### Extracted entries

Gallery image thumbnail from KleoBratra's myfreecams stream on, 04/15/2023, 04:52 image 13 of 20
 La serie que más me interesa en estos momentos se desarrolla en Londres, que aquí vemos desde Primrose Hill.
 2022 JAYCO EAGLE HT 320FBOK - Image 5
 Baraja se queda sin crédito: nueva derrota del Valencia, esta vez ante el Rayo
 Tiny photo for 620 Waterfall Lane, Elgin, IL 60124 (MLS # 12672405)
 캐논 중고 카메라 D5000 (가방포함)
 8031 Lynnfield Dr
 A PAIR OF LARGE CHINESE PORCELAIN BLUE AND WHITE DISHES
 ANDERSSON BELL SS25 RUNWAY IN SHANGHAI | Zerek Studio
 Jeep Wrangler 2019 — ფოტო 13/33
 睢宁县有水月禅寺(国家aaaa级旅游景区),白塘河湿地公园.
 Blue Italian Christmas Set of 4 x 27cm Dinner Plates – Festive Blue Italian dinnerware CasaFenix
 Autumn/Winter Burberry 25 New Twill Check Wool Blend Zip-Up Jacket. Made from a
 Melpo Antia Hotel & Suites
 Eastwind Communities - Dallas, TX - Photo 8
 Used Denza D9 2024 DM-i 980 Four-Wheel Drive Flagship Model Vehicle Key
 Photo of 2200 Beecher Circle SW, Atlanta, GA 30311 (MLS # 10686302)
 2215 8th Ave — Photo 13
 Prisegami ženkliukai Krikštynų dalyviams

### What is needed
Copy each line of the listing that carries the string "from".

### Response to the exercise
Gallery image thumbnail from KleoBratra's myfreecams stream on, 04/15/2023, 04:52 image 13 of 20
 Autumn/Winter Burberry 25 New Twill Check Wool Blend Zip-Up Jacket. Made from a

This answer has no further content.